My frame G519 with curved tube is Dec. 1941 : MF 17056  H12






 I think these are the premises of the standart G519.
 Regards;
Serge


----------



## johan willaert (Jan 2, 2019)

Thanks for the additional pictures. The Marines in post 17 are clearly wearing standard USMC shirts with pointed pocket flaps, but other pictures illustrate both Navy and Marine Corps men wearing the other type...
I think we can assume the men we referred to in the pictures are in fact Marines and have USMC insignia on belt buckle and Garrison cap...
Although the corporal strips on the so-called middle man still scream Army to me...
Anyway, this is a cycle board, not the US uniform forum...

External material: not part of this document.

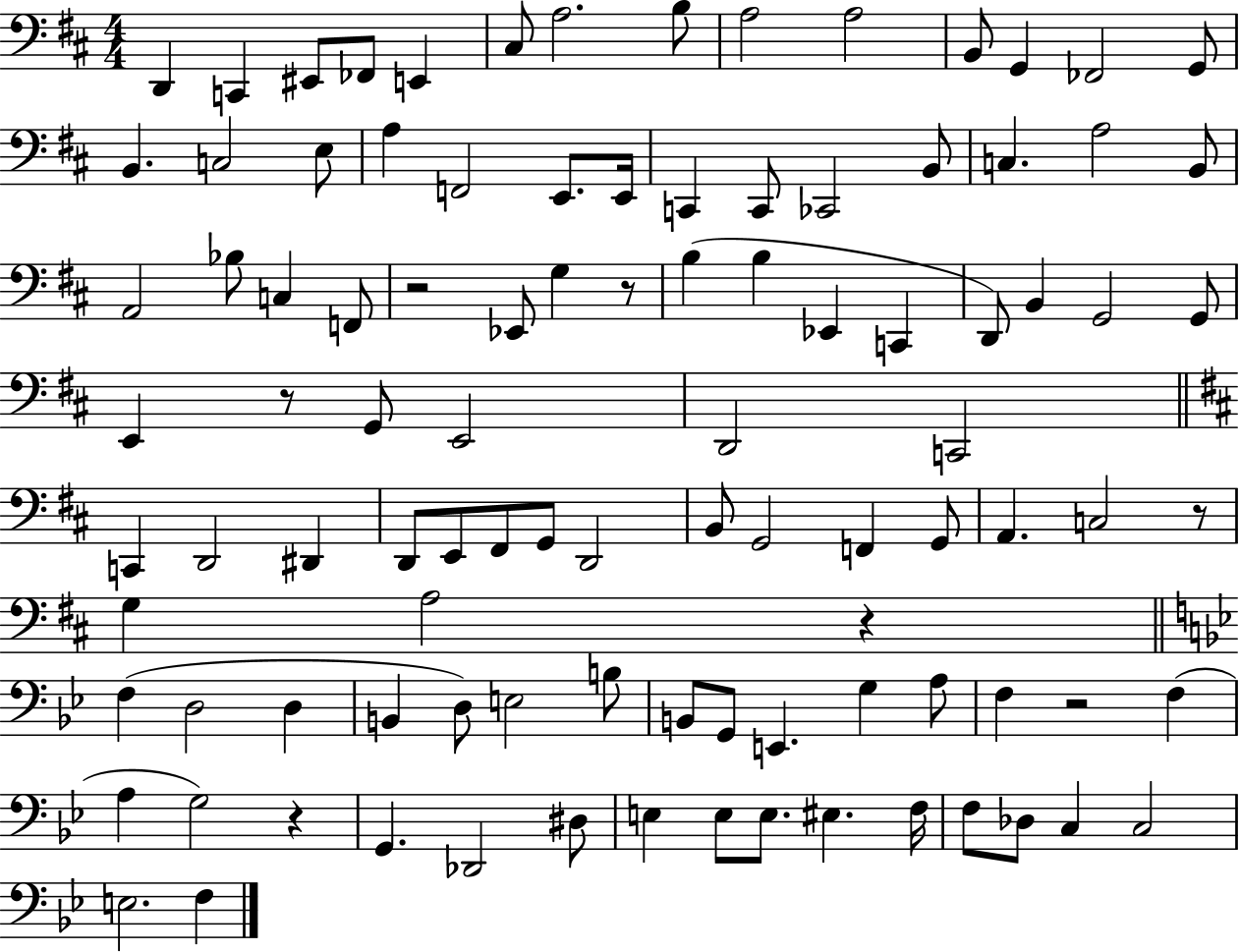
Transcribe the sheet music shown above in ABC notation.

Some of the sailors in the pictures are British, even Dutch (Koninklijke Marine on hat)...


----------



## HUFFMANBILL (Jan 2, 2019)

The more I look at the pictured bikes the more I can see parts and/or features that were common with at least some of the 1941 Columbia civilian models.  The style of the chrome handlebar stem, which differs from that which was used on the standard g519's and the full coverage chain guard as well as the black ''Persons'' saddle were all used on 1941 civilian models.  The lack of a lower truss rod bracket was very common in 1941 Columbia civilian  bicycles.

Regards,
Bill


----------



## jkent (Jan 2, 2019)

I also noticed the bicycles in the first pictures do not have the rough welded joints.


----------



## Brutuskend (Feb 26, 2019)

Balloontyre said:


> Dooood....
> 
> These are period photos, 129 total, all in color. I found them on Getty searching editorial images relating to the war.
> 
> ...



The color looks awfully sharp for that era in my opinion.


----------



## Brutuskend (Feb 26, 2019)

Balloontyre said:


> The Marine is in the middle, the dude on his left is wearing a different model shirt.
> Naval Air Station Bermuda.
> View attachment 927501



Two differant style buckles. The one on the right is they type I was issued in the early 70's.


----------



## Brutuskend (Feb 26, 2019)

Balloontyre said:


> View attachment 927504
> 
> View attachment 927505



Like this guys buckle. No crossed rifles though which is period correct.


----------